- The layout of a disk can have many variations, depending on the OS. A disk can be sliced into multiple partitions, or a volume can span multiple partitions on multiple disks (RAID).
- Each partition can be either ``raw'', containing no file system (UNIX swap space can use a raw partition), or ``cooked'', containing a file system.
- Multiple OSs can be installed. How does the system know which one to boot?
- A boot loader that understands multiple file systems and multiple OSs can occupy the boot space.
- Once loaded, it can boot one of the OSs available on the disk.
- The root partition, which contains the OS kernel and sometimes other system files, is mounted at boot time.
- Other volumes can be automatically mounted at boot or manually mounted later, depending on the OS.
- As part of a successful mount operation, the OS verifies that the device contains a valid file system. If the format is invalid, the partition must have its consistency checked and possibly corrected, either with or without user intervention.
- Finally, the OS notes in its in-memory mount table structure that a file system is mounted, along with the type of the file system.

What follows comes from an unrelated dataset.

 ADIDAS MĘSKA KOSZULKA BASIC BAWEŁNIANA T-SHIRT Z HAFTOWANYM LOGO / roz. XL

- Microsoft Windows-based systems mount each volume in a separate name space, denoted by a letter and a colon (F:).
- On UNIX, file systems can be mounted at any directory. Mounting is implemented by setting a flag in the in-memory copy of the inode for that directory. The flag indicates that the directory is a mount point.
- The mount table entry contains a pointer to the superblock of the file system on that device.